“This is the worst post-WW2 economic recovery….consistent disappointing payroll reports….no job growth….slowing productivity…..profits are slowing….wages aren’t growing….fiscal cliff this, fiscal cliff that….the pretentious upcoming election….debt ceiling….potential debt downgrade…. European crisis…..”
I mean is there anyone left who doesn’t know?
Enough already. Please.
But you tell someone that the S&P500 just closed at 3 month highs and they’re bound to punch you in the face. Why? They’re not taking advantage of it. Investors are running away from stocks as fast as humanly possible. It seems like Bullish sentiment hits record lows once a week: Retail investors hate stocks & Wall Street Analysts hate stocks.

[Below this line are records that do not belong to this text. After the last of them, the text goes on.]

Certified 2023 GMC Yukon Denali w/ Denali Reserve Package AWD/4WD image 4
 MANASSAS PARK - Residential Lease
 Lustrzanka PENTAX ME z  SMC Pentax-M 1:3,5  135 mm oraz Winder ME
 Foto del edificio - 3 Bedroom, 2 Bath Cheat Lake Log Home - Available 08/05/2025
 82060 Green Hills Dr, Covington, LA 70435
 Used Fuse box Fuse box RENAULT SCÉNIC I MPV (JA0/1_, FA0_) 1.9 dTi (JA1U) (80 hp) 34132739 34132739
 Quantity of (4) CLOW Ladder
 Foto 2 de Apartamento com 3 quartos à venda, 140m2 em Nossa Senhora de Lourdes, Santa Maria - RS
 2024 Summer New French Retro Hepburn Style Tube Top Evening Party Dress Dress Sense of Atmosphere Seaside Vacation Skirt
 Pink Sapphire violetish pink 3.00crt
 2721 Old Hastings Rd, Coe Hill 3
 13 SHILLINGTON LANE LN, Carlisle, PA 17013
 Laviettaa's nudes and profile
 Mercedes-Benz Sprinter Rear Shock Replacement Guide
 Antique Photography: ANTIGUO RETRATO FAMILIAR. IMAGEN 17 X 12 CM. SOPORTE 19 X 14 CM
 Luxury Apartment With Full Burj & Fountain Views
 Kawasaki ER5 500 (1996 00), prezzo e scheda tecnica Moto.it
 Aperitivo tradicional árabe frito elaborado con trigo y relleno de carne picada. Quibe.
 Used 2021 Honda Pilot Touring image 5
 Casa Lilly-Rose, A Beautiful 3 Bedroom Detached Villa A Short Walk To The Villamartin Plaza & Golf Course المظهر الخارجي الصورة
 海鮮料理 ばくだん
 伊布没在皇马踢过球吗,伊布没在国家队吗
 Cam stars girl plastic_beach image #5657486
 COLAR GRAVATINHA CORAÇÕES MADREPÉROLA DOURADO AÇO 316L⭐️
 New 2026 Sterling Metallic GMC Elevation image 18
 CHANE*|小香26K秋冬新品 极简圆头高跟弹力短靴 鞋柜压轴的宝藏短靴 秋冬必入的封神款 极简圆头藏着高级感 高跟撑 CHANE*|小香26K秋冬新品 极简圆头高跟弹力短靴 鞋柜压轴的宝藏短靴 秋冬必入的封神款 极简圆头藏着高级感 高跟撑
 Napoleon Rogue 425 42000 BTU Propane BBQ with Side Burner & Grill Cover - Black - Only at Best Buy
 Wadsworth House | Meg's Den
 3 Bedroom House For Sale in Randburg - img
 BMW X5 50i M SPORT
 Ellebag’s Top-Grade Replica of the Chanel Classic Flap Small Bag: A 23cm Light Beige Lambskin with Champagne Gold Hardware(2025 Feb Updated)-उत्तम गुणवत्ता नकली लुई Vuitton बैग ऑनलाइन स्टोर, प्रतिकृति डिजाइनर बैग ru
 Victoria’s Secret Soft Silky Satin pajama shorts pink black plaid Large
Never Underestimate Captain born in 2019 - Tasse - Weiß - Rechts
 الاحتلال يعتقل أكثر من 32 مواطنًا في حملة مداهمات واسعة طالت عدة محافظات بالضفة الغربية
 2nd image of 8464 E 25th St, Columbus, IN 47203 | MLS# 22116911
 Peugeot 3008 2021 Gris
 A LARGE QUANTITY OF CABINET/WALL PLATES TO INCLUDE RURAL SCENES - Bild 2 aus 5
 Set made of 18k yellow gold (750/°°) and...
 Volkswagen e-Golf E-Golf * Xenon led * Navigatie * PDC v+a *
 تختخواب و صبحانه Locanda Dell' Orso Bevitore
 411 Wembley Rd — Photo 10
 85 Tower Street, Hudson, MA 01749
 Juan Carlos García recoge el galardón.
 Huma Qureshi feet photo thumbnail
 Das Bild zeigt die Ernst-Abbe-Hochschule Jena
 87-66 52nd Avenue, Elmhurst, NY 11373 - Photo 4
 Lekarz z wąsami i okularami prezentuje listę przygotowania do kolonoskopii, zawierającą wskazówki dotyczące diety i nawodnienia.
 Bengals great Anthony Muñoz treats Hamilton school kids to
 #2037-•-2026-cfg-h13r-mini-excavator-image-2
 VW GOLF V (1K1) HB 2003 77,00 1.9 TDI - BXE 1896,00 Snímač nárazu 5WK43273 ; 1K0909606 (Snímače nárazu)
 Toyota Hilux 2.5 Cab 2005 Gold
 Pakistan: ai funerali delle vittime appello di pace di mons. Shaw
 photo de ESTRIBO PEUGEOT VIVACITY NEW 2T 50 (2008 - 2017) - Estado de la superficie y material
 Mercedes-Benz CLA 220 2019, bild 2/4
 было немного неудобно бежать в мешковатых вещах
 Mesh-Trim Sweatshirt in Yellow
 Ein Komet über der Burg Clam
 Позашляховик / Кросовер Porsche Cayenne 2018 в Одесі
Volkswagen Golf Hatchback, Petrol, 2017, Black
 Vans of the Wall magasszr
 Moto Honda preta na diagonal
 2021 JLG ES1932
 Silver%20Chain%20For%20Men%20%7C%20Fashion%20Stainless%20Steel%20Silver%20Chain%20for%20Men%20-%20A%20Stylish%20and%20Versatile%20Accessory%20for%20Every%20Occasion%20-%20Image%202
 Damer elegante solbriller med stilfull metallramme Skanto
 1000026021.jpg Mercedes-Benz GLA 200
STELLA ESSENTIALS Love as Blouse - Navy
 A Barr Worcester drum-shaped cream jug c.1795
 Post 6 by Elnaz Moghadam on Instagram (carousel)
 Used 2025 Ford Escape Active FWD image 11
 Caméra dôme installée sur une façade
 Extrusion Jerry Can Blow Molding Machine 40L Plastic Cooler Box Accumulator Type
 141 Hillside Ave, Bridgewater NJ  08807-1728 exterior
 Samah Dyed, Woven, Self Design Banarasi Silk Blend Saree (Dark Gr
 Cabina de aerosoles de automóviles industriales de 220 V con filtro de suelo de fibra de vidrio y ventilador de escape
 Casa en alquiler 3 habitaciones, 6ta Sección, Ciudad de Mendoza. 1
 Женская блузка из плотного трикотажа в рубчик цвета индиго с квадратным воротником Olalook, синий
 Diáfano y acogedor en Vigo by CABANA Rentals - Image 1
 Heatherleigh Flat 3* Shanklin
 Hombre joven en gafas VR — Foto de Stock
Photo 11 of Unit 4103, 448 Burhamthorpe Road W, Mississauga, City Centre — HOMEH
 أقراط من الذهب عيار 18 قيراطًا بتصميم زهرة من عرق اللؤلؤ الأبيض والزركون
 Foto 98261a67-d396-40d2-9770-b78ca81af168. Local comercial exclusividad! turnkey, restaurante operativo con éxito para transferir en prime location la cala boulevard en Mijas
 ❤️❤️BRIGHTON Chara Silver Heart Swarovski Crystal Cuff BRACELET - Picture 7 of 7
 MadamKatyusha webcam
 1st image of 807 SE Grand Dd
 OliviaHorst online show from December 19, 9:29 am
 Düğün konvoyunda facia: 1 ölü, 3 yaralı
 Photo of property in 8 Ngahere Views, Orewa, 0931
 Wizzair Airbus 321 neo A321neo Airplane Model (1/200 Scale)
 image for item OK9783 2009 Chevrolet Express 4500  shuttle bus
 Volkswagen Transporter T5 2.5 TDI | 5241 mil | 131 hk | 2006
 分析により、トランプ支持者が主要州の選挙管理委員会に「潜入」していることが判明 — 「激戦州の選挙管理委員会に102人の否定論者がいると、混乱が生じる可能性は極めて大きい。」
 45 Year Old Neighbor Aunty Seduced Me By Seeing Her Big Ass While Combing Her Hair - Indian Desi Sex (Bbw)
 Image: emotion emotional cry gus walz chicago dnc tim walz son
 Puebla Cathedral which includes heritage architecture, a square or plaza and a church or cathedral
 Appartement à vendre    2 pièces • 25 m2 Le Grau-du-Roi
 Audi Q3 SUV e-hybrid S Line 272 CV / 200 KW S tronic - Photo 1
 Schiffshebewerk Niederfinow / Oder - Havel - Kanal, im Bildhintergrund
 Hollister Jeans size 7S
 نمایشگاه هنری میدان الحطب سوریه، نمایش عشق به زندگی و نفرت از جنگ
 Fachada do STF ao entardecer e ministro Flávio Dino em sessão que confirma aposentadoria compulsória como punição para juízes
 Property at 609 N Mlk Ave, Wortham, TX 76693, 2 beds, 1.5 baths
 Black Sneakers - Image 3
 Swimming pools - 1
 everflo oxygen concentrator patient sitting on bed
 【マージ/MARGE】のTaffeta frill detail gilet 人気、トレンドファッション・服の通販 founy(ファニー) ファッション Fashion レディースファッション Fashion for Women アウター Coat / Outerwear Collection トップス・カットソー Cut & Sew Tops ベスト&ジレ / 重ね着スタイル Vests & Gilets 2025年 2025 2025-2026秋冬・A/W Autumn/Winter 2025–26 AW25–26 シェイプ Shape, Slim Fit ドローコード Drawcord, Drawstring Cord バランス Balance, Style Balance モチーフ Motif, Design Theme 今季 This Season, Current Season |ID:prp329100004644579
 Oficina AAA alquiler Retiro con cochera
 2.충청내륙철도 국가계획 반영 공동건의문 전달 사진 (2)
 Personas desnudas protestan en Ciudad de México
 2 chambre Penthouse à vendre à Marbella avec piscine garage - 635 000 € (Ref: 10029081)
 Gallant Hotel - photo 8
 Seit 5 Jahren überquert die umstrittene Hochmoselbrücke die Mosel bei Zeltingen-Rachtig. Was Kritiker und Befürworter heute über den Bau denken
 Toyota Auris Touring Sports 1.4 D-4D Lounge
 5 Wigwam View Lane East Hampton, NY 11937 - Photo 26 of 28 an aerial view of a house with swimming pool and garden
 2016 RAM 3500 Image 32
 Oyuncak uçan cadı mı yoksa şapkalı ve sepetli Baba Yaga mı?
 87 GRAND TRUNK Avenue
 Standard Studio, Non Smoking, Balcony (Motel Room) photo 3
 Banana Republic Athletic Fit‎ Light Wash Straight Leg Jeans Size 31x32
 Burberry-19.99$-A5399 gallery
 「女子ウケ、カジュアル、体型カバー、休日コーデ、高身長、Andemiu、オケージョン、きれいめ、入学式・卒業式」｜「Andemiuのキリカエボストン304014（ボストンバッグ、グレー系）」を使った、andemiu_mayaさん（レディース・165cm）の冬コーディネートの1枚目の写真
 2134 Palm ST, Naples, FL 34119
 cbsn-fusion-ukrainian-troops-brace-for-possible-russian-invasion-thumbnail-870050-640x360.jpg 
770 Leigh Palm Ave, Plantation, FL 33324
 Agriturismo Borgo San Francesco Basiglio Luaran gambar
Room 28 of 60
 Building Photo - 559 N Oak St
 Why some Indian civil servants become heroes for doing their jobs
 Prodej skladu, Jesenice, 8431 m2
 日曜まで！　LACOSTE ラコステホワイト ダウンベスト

Meanwhile, the Retail ETF ($RTH) hit all-time highs this week. ALL-TIME HIGHS. The Dow Jones Industrial Average is a couple of hundred points from 4 1/2 year highs. No matter – the media says the world is coming to an end. So get out mom & pop.
You see how ridiculous this all sounds? Can we stop it with all this nonsense for a minute and take look at what really matters. I mean, just for one minute, can we focus on the only thing that will pay us in this entire world? Is it crazy to think it might be a good idea to ignore the noise and just focus on price? Is it really that far fetched? It seems that way sometimes doesn’t it?
(sorry I had to get that off my chest)
Anyway, from a pure price perspective, the market is telling us a lot. But we actually have to listen. Imagine that? What won’t ever make headlines is what the Consumer Staples are doing relative to the S&P500. It’s boring, so it doesn’t sell. It’s not sexy. But let’s be real – if risk is going to be, “On”, if you will, then Staples ($XLP) should be underperforming the rest of the market.
Look at this chart from Jordan Kotick, Managing Director of Technical Strategy at Barclays. He’s showing how when Staples relative to S&Ps break their uptrend, a stock market rally ensues:
So here is a look at what this ratio looks like right now. The first thing we notice is this week’s break of what I consider to be the most important trendline. I choose to ignore that break in early-May classifying it as a false breakdown that helped the rally get going. Remember this is an art, not a science. And my trendlines are breaking:
In addition to the deterioration in price, it’s hard to ignore the momentum rollover. While this ratio made new highs in June and July, the Relative Strength Index has consistently been making lower highs. There’s a nasty divergence going on here.
So if the price of this ratio continues to worsen, I would expect this stock market rally to continue. But keeping an open mind is part of the deal. If the data changes, then we have to reevaluate. A recovery back above 0.26 with new momentum highs would negate the impact we’ve just seen $XLP:$SPY have on this bull market.
And yes, this is a stock market rally. This is a bull market. Corrections (like what we’ve seen since Spring) are normal. They’re healthy.
So keep your head up, ignore the noise, and listen to what price is telling us.